What you will do ->
Produce a verbatim transcription of all records.

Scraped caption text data
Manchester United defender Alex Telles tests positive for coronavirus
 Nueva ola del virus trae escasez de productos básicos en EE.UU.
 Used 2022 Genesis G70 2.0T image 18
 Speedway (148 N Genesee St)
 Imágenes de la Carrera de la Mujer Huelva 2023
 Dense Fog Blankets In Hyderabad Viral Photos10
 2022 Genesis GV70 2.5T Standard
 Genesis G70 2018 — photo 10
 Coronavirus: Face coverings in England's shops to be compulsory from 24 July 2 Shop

Expected output ->
Manchester United defender Alex Telles tests positive for coronavirus
 Nueva ola del virus trae escasez de productos básicos en EE.UU.
 Used 2022 Genesis G70 2.0T image 18
 Speedway (148 N Genesee St)
 Imágenes de la Carrera de la Mujer Huelva 2023
 Dense Fog Blankets In Hyderabad Viral Photos10
 2022 Genesis GV70 2.5T Standard
 Genesis G70 2018 — photo 10
 Coronavirus: Face coverings in England's shops to be compulsory from 24 July 2 Shop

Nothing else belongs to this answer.